Swedish health care is dangerously hit-or-miss.
13:11 July 30, 2011 by krrodman
I am a physician and I have been involved with physician "quality assurance" for over 20 years in the USA. While I have never practiced in Sweden, I have several friends who practice medicine in Sweden so I am familiar with the Swedish system.

Let me start from the beginning. I am NOT an apologist for American medicine. In the USA, we do many things well and many things, shall we say, less than well.

That said, we are 10 years ahead of Sweden in monitoring quality issues, and attempting to improve policies and procedures to avoid errors. The reason, I believe, we are ahead is primarily that the attitude towards medical errors in Sweden is very different than in the USA. In Sweden there is a level of acceptance that "doctors are trying their best and that, after all, they are only human" that does not exist in the USA. In fact, with the appropriate policies and procedures, many errors can be avoided.

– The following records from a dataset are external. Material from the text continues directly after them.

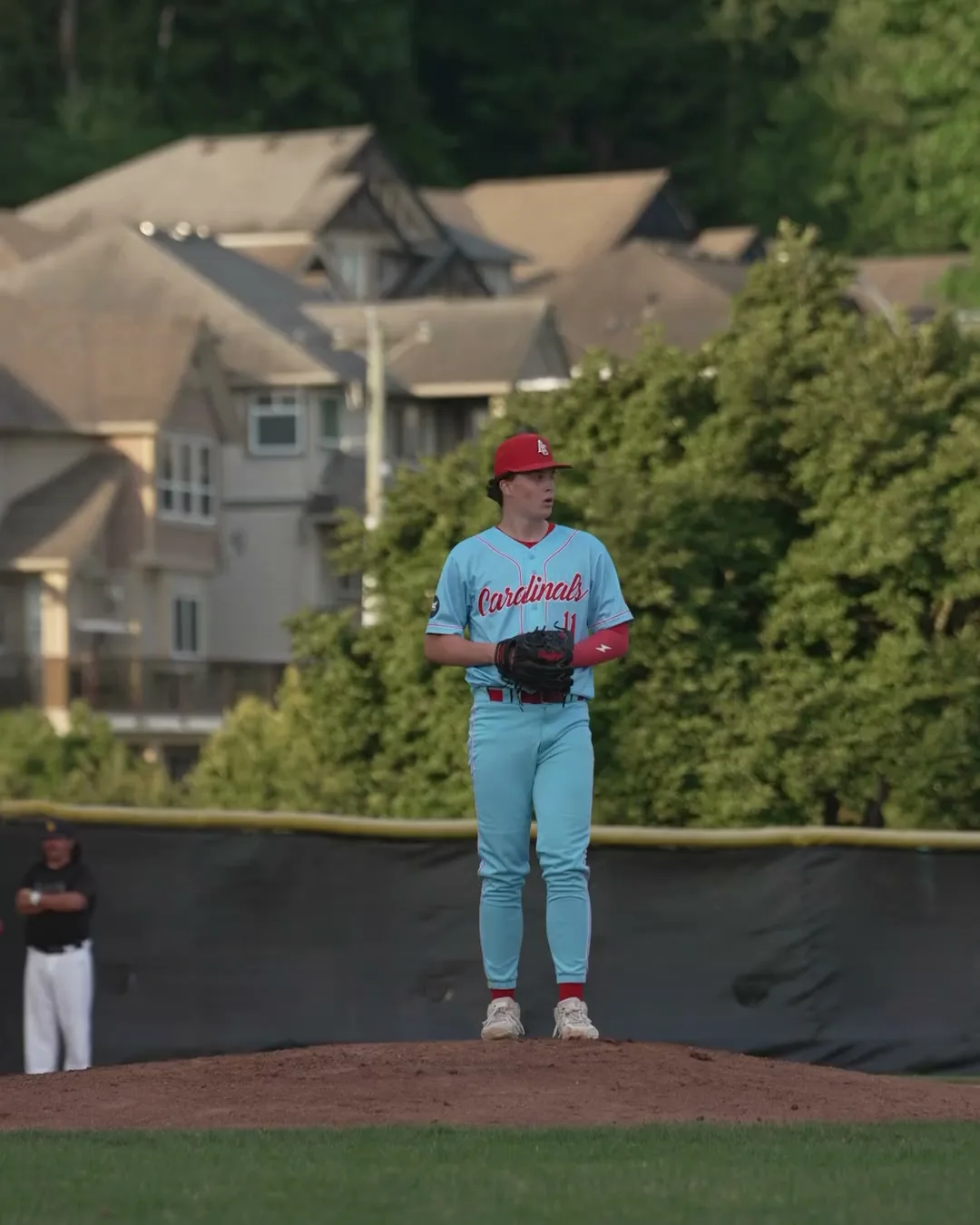 An Abbotsford Cardinals pitcher sets on the mound in the evening light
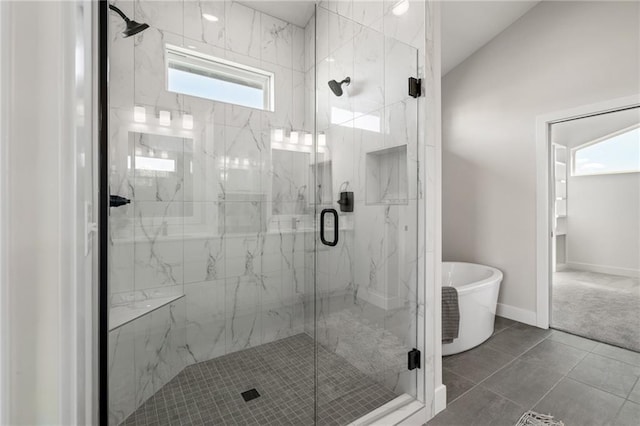 bathroom featuring tile patterned flooring and separate shower and tub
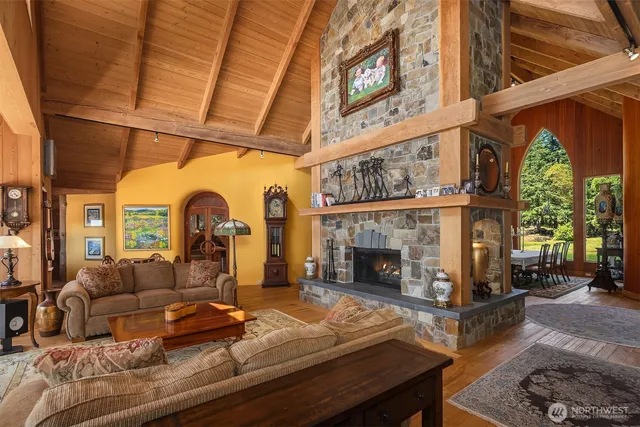 a living room with furniture a fireplace and a floor to ceiling window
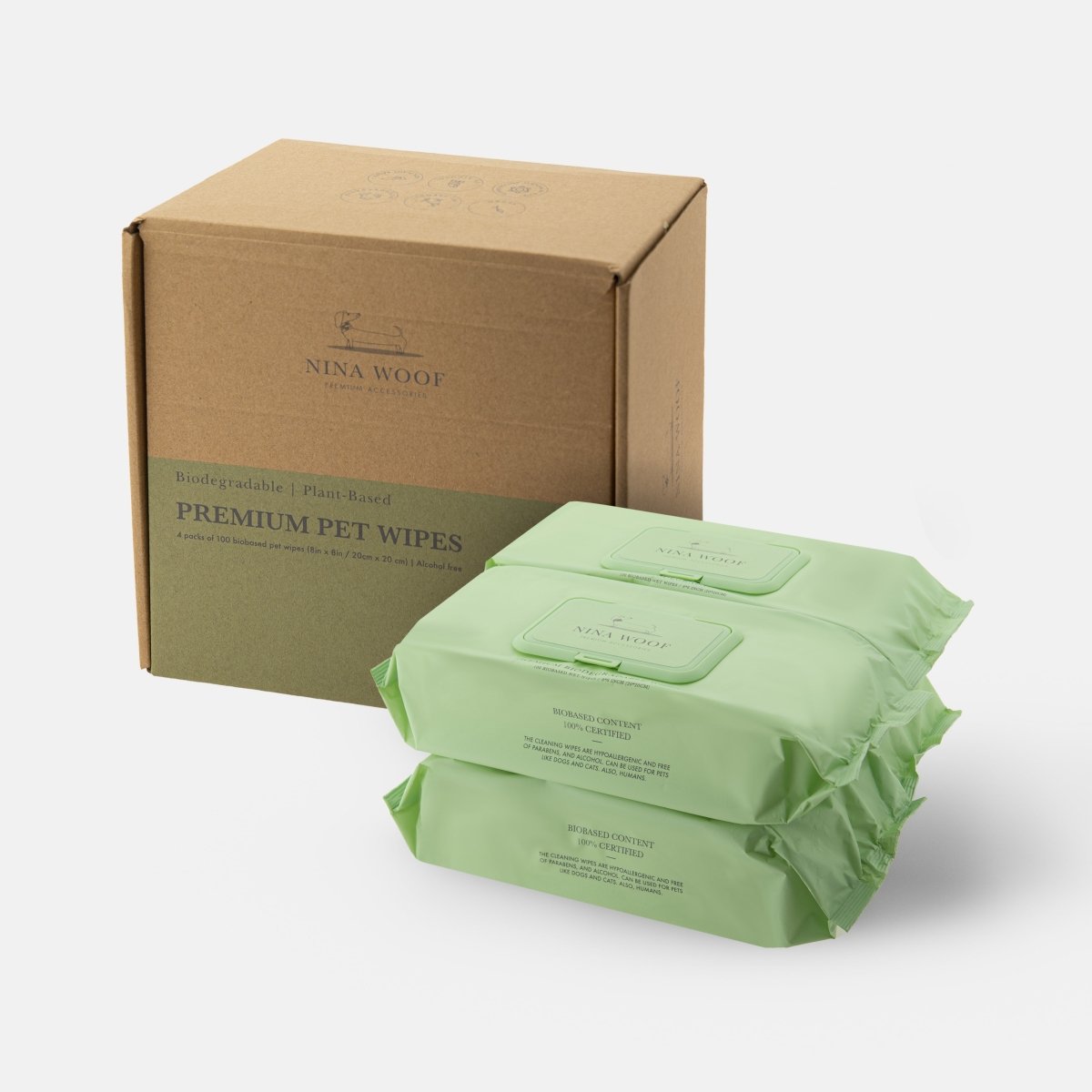 A cardboard case of Nina Woof premium biodegradable pet wipes and four green packages of sustainable wipes beside it on a white background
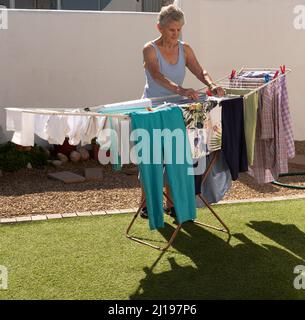 Südafrika. 2022. Ältere Frau, die an einem sonnigen Tag im Garten auswaschen und trocknen kann. Stockfoto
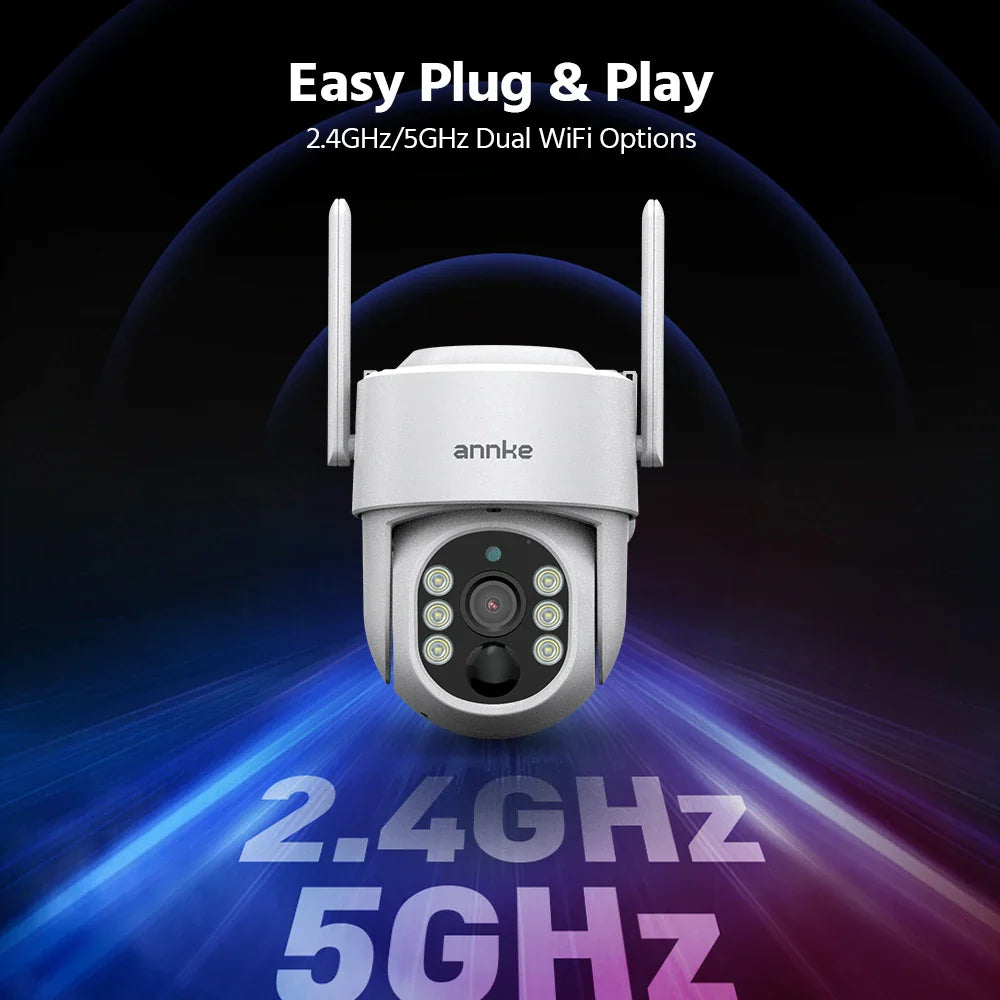 A white smart security camera with antennas isolated against a blue background
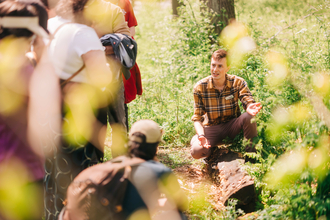 Young man delivering a walking tour crouched down pointing at a log for a crowd to observe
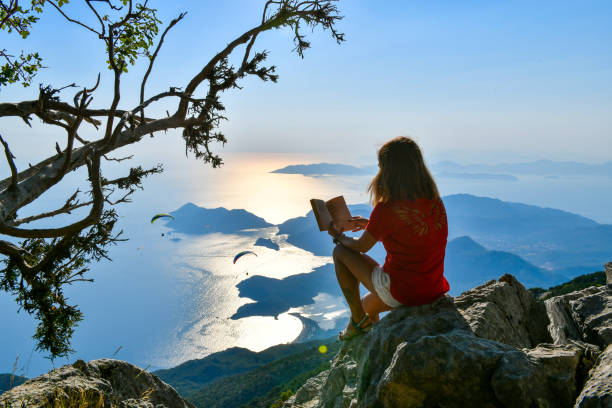 istock Woman studying book on top of mountain. 1164549185
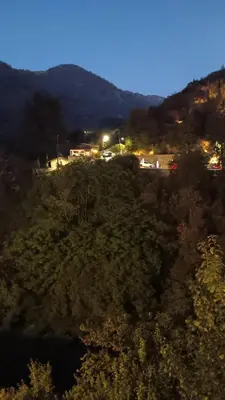 a view of a field with trees and lights at Cecilia Traditional House-Suites in Kalopanayiotis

This case is a perfect example. Identifying cancer in a pathology specimen is often difficult. The standard of care is for 2 independent pathologists to review a specimen so that there is always a second opinion on a sample. If there is a shortage of pathologists in Sweden, than perhaps there was no second look before the patient was given the diagnosis of cancer. (I suppose it is a matter of money, as well. Insufficient funds equals no second opinion.)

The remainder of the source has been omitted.